» **Provided information**:
<<<<
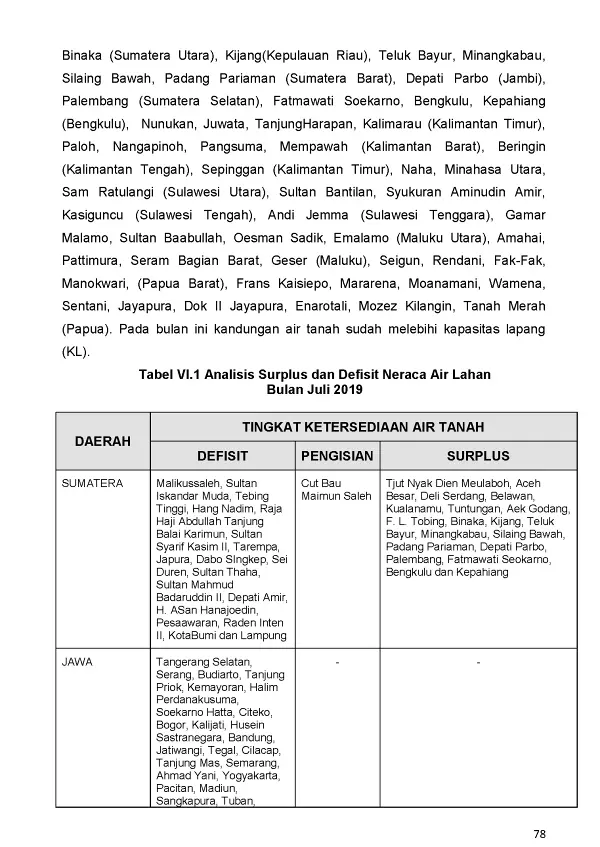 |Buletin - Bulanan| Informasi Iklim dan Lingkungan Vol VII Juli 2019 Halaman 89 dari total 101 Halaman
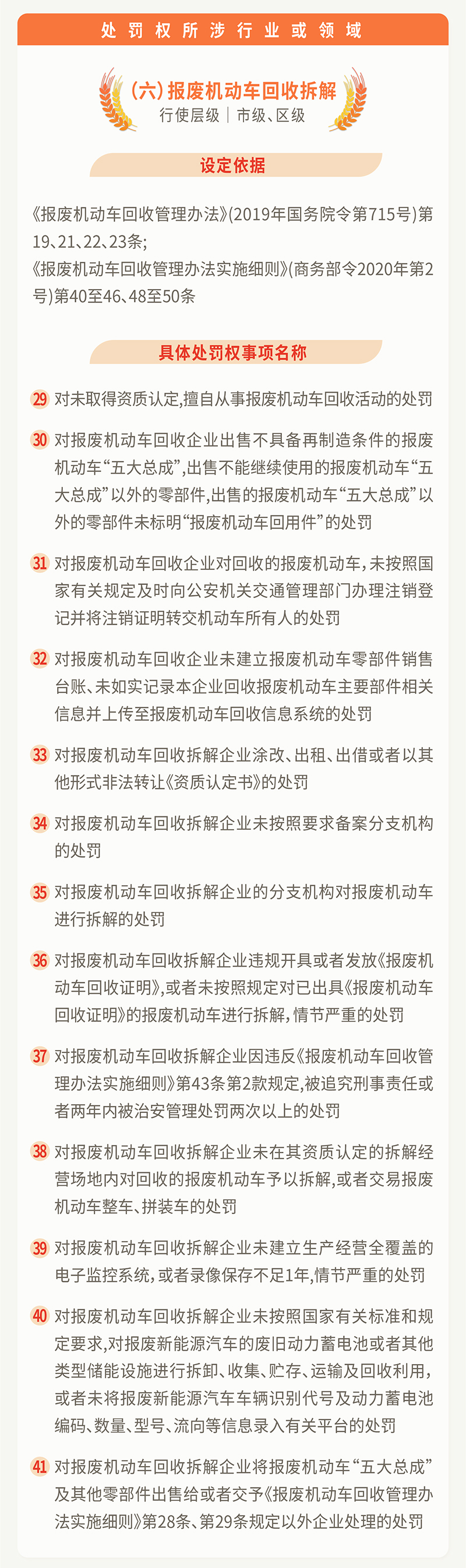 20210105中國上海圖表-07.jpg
>>>>
<<<<
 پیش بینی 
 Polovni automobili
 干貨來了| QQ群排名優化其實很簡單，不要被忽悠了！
>>>>
» **What to produce**: Beginning with the line above that contains "total 101 Halaman" and ending with the line that contains "20210105中國上海圖表-07.jpg", quote each line exactly, keeping out the pictures.

» **Answer section**:
 |Buletin - Bulanan| Informasi Iklim dan Lingkungan Vol VII Juli 2019 Halaman 89 dari total 101 Halaman
 20210105中國上海圖表-07.jpg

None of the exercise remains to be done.